Ignoring the $5z$ for a moment, the formal definition of the derivative yields the following for $f(z) = (\bar{z})^2 $:
$\lim_{h\to0} \frac{f(z+h) - f(z)}{h} = \lim_{h\to0} \frac{ 2\bar{z}\bar{h} + (\bar{h})^2}{h}$
And if I'm not mistaken, the limit does not exist.
On
To check for complex differentiability - especially when $\bar z$ occurs - you may use the Cauchy-Riemann equations:
$$\bar z^2-5z = ({x-iy})^2 - 5(x+iy) = x^2-5x-y^2 + i(-2xy-5)$$ $$\Rightarrow u(x,y) = x^2-5x-y^2, v(x,y)= -2xy-5y$$ $$\Rightarrow u_x = 2x-5, u_y=-2y,v_x = -2y,v_y=-2x-5$$ Now you get $$u_x=v_y \Leftrightarrow x=0; u_y=-v_x \Leftrightarrow y=0$$
It follows $f(z)\bar z^2-5z$ is complex differentiable only at $\boxed{z=0}$. Anywhere else the Cauchy-Riemann equations are not satisfied simultaneously.

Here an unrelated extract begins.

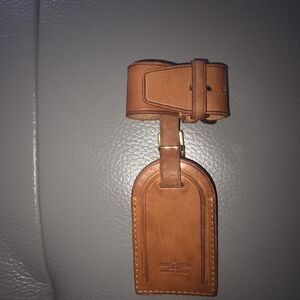 AUTHENTIC LOUIS VUITTON Tan Vachetta Leather Luggage Tag...EUC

The limit indeed doesn't exist, because it depends on the path taken. Take $h=\epsilon$ and you get $2\bar{z}$, while for $h=i\epsilon$ you get $-2\bar{z}$. Note that it means that your function is differentiable at $z=0$.
Another way to prove the limit doesn't exist is to use the Cauchy–Riemann equations. It is essentially the same as taking different paths and requiring the results to be the same, yet it is a straight-forward way to show stuff without actually calculating limits.